Furrier, along with co-host Jeff Kelly, welcomed John Kreisa, Vice President of Strategic Marketing for Hortonworks, to a special session of theCUBE at this week’s Red Hat Summit.

Bringing up Intel’s recent strategic investment in Cloudera, Furrier claimed this is viewed as a significant validation for the Big Data space. “That’s big news,” he said. “That’s got everyone’s attention. It takes Hadoop to the top of the front page of the business press.”  Intel commented in earlier interview on @theCUBE that despite the Cloudera announcement, Intel intends to drive innovation to other Hadoop distro providers upstream.  This is important because it telegraphs that Intel doesn’t want to alienate competitors in the opensource ecosystem.

Furrier then asked Kreisa to address the Cloudera news and how it impacts Hortonworks and relates to other conversations happening at this week’s summit.  Agreeing with Furrier’s contention, Kreisa said, “It’s a good validation for the market, in general. That the large vendors continue to invest in the community, much like a lot of the partnerships that we form, it’s making sure there is investment at various levels, whether it’s engineering or elsewhere.”

He sees the Intel/Cloudera announcement as being important for the continued drive of the technology to the next generation and moving it steadily forward to the enterprise. “You’ve got to be the company that can really innovate on that technology,” said Kreisa.

For more on Intel’s perspective, be sure to watch an earlier interview on theCUBE with Doug Fisher, who speaks in detail on his company’s investment in Cloudera. {see editors note below}


Strategic Partnerships

Moving onto his next line of questions, Furrier noted, “You’ve been very successful with your partnerships. Talk about the ecosystem and specifically your relationship with Red Hat.”

With a year’s experience working with OpenStack, Kreisa said, “First of all, it’s a great partnership. Integrating OpenStack with Hortonworks’ open source platform in order to allow Hadoop to be deployed in that infrastructure [has been key].” He continued, “There is a particular simpatico nature to the way that Red Hat works with communities and the way that we work with communities.”

Within those communities, Hortonworks, like Red Hat, identifies communities upstream that are working on projects that perhaps aren’t being addressed elsewhere, and curates them downstream and into development. Furrier asked Kreisa to explain the concept of upstream to those perhaps not familiar with the term.

“There are open source projects,” Kreisa began, “that a very broad community of developers are working on. So, when I say upstream, I mean perhaps they are working in some Apache project that someone is developing and contributing code to.”

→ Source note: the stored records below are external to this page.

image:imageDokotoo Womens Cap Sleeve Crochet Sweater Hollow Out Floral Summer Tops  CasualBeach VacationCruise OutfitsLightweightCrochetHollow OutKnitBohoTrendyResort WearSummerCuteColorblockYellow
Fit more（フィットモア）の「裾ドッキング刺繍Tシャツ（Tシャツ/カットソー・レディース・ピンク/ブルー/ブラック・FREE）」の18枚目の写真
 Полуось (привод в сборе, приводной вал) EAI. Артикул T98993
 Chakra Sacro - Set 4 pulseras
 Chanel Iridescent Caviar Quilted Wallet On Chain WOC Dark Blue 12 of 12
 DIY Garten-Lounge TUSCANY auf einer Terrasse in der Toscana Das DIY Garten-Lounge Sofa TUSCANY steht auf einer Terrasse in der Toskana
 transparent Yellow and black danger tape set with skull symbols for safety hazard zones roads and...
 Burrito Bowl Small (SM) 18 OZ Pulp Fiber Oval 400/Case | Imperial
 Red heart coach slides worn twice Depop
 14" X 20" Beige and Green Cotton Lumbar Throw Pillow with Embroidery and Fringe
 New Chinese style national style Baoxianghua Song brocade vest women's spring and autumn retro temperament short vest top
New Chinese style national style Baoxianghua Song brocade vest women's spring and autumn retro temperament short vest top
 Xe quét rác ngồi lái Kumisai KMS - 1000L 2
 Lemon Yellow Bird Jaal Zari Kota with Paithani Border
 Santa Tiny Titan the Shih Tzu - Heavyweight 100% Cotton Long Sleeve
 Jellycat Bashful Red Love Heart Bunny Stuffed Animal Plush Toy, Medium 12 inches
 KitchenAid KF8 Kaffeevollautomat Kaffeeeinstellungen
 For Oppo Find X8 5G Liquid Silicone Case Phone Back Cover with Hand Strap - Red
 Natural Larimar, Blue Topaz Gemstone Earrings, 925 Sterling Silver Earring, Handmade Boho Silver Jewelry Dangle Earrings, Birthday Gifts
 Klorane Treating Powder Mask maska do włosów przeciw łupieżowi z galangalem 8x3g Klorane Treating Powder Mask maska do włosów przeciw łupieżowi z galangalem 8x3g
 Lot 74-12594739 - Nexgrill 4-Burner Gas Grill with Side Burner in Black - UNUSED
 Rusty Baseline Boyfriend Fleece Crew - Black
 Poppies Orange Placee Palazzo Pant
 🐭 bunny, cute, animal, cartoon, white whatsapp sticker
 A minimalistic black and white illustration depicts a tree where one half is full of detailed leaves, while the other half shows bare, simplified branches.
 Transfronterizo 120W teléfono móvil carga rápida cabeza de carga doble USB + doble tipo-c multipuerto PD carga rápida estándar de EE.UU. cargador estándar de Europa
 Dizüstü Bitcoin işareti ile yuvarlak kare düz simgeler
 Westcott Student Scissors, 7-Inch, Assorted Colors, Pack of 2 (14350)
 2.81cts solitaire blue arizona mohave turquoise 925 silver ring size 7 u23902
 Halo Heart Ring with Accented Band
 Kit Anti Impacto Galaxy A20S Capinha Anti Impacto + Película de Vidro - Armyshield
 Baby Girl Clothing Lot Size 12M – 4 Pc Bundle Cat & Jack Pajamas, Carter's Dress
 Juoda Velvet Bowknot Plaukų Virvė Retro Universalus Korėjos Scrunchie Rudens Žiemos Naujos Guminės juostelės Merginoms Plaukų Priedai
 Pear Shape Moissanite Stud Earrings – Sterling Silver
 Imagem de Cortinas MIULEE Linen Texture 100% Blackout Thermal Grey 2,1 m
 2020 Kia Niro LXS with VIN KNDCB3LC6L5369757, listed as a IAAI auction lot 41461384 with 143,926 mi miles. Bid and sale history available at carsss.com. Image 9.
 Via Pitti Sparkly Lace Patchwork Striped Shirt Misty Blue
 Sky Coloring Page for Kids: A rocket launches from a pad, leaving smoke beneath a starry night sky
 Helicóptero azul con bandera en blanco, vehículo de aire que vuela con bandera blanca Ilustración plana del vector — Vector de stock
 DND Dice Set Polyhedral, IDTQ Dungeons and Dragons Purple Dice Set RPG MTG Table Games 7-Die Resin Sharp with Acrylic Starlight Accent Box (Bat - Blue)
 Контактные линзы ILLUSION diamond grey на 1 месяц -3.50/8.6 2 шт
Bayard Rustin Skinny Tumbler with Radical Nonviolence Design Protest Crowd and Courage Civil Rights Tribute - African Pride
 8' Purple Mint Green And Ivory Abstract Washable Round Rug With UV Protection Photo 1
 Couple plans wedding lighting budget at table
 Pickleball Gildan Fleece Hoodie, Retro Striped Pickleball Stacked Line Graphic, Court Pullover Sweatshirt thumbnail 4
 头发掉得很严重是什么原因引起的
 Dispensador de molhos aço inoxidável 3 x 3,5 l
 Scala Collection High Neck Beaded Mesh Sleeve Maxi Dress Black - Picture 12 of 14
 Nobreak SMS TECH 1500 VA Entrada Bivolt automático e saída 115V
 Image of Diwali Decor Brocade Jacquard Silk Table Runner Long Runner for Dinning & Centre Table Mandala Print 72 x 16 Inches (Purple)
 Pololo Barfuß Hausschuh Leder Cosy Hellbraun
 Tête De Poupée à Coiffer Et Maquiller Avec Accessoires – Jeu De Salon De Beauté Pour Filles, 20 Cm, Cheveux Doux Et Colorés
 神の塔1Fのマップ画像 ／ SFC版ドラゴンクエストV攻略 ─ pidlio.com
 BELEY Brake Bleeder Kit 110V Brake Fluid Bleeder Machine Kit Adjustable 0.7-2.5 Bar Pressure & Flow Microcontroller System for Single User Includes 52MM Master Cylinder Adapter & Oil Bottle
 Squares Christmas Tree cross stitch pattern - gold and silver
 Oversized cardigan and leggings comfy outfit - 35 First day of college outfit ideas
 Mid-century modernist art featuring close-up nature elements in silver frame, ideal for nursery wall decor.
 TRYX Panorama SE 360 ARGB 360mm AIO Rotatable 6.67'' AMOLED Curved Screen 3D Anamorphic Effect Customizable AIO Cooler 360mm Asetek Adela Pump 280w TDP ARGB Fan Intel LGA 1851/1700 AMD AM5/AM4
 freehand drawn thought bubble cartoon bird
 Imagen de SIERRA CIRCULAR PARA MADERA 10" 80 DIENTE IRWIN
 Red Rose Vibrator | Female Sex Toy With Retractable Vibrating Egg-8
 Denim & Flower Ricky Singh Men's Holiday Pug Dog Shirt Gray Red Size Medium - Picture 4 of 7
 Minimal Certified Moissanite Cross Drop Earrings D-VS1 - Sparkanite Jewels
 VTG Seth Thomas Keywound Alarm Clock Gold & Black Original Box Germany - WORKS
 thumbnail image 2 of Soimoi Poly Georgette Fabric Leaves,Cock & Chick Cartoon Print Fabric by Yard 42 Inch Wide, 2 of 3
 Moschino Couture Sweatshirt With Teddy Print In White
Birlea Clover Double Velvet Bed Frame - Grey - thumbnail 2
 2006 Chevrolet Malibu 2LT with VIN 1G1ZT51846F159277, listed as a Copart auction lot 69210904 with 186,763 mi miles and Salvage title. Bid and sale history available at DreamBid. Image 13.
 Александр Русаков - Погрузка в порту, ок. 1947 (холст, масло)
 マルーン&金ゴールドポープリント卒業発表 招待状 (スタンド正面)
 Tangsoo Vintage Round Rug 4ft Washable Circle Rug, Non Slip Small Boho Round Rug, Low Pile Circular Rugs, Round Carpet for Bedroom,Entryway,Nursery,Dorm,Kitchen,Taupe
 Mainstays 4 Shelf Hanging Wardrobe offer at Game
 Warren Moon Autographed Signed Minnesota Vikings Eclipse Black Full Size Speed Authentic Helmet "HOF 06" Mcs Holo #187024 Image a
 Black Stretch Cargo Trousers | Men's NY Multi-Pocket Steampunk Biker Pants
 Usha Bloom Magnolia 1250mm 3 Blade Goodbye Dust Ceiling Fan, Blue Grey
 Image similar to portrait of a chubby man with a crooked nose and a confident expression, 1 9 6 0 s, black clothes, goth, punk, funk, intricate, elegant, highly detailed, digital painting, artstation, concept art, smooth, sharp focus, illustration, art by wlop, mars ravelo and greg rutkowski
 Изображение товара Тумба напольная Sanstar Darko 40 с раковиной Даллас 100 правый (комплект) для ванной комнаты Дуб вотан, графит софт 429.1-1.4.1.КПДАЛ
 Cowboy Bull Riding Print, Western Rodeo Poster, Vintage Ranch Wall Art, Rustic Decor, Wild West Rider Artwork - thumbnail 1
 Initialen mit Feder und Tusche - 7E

With a single project receiving input from as many as thousands of developers, that is what is considered to be upstream. Kreisa further explained that “what Hortonworks does is… we work in that upstream notion and then curate that down and take the most stable versions of each of those open source projects from the other upstreams. We test and integrate that together and then apply a very detailed and rigorous level of testing and put it out there as a platform.”

  • Cooperation or competition?

Kelly, who inquired if there was tension that existed between the open source community and vendors that want to push one particular project or feature over another. “I’m sure there are a lot of interesting conversations behind the scenes,” he said.

“Those conversations do happen,” Kreisa admitted. “But we offer a level of commitment to them and that drives them to want to work with Hortonworks. We guarantee that the changes that they want to get will be committed into the core Apache Hadoop.”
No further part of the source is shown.